Posts Tagged ‘D. H. Lawrence’
Posted by demonik on February 6, 2011
Richard Dalby (ed.) – The Anthology Of Ghost Stories (Tiger, 1994)

Robert Aickman – The Unsettled Dust
Louisa Baldwin – How He Left the Hotel
Nugent Barker – Whessoe
E.F. Benson – The Shuttered Room
Ambrose Bierce – An Inhabitant of Carcosa
Charles Birkin – Is there Anybody there?
Algenon Blackwood – The Whisperers
L.M. Boston – Curfew
A.M. Burrage – I’m Sure it was No. 31
Ramsey Campbell – The Guide
R. Chetwynd-Hayes – The Limping Ghost
Wilkie Collins – Mrs Zant and the Ghost
Basil Copper – The House by the Tarn
Ralph A. Cram – In Kropfsberg Keep
Daniel Defoe – The Ghost in all the Rooms
Charles Dickens – The Bagman’s Uncle
Arthur Conan-Doyle – The Bully of Brocas Court
Amelia B. Edwards – In the Confessional
Shamus Frazer – The Tune in Dan’s Cafe
John S. Glasby – Beyond the Bourne
William Hope Hodgson – The Valley of Lost Children
Fergus Hume – The Sand-Walker
Henry James – The Real Right Thing
M.R. James – The Haunted Dolls’ House
Roger Johnson – The Wall-Painting
Rudyard Kipling – They
D.H. Lawrence – The Last Laugh
Margery Lawrence – Robin’s Rath
J. Sheridan Le Fanu – The Dream
R.H. Malden – The Sundial
Richard Marsh – The Fifteenth Man
John Metcalfe – Brenner’s Boy
Edith Nesbit – Uncle Abraham’s Romance
Fitz-James O’Brien – What was It?
Vincent O’Sullivan – The Next Room
Roger Pater – The Footstep of the Aventine
Edgar Allan Poe – William Wilson
Forrest Reid – Courage
Mrs J.H. Riddell – The Last of Squire Ennismore
L.T.C. Rolt – The Garside Fell Disaster
David G. Rowlands – The Tears of St.

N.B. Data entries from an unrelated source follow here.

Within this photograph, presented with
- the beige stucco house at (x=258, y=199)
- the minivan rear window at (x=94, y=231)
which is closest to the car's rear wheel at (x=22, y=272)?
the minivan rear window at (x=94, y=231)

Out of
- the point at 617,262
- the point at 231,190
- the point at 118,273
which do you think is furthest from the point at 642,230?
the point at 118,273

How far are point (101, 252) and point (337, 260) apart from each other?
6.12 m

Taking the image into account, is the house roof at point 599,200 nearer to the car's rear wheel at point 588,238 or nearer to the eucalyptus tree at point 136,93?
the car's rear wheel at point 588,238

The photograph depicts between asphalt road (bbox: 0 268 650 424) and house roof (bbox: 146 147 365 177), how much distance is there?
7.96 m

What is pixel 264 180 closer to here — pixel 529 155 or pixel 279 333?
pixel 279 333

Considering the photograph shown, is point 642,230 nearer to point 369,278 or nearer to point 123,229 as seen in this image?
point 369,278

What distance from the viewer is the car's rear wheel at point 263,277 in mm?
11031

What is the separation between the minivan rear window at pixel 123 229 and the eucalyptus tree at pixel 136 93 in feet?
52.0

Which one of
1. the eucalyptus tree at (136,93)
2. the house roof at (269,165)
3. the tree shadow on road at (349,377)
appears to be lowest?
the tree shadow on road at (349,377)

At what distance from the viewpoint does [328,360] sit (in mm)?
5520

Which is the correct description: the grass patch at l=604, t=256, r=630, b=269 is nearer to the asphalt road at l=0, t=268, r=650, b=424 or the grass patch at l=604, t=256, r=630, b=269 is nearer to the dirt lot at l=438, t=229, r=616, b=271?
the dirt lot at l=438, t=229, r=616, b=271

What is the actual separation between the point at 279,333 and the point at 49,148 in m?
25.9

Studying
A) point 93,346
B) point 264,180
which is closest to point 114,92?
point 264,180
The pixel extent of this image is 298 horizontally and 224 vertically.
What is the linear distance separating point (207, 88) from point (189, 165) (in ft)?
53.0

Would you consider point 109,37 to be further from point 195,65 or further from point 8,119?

Agatha
Saki – The Soul of Laploshka
I’m guessing Tiger were an instant remainder imprint?
If you’re looking for an A-S of great ghost story authors, this is one for you! At first glance a straight reprint of Richard Dalby’s Mammoth Book Of Ghost Stories Vol 1, closer inspection reveals they’d not set aside enough pages so once we’re done with Saki’s story there’s no more room making the reference to Mark Twain on the cover entirely spurious. Worse, the stories gone AWOL include some of the best in the volume:
——————————————–
Sapper – The Old Dining-Room
Montague Summers – The Between-Maid
Mark Twain – A Ghost Story
Mark Valentine – The Folly
H. Russell Wakefield – Out of the Wrack I Rise
Karl Edward Wagner – In the Pines
Manly Wade Wellman – Where Angels Fear
Edward Lucas White – The House of the Nightmare
Oscar Wilde – The Canterville Ghost
William J. Wintle – The Spectre Spiders
Posted in *Tiger*, Richard Dalby | Tagged: A. M. Burrage, Algenon Blackwood, Ambrose Bierce, Amelia B. Edwards, Arthur Conan Doyle, Basil Copper, Charles Birkin, Charles Dickens, D. H. Lawrence, Daniel Defoe, David G. Rowlands, E. F. Benson, edgar allan poe, Edith Nesbit, Fergus Hume, Fitz-James O’Brien, Forrest Reid, Ghost, Ghost Stories, Henry James, J. Sheridan Le fanu, John Metcalfe, John S. Glasby, L T C Rolt, Louisa Baldwin, Lucy M. Boston, M. R. James, Margery Lawrence, Mrs. J. H. Riddell, Nugent Barker, R. Chetwynd-Hayes, R.H. Malden, Ralph A. Cram, Ramsey Campbell, Richard Dalby, Richard Marsh, Robert Aickman, Robinson, Roger Johnson, Roger Pater, Rudyard Kipling, Saki, Shamus Frazer, Tiger, Vault Of Evil, Vincent O’Sullivan, Wilkie Collins, William Hope Hodgson | Leave a Comment »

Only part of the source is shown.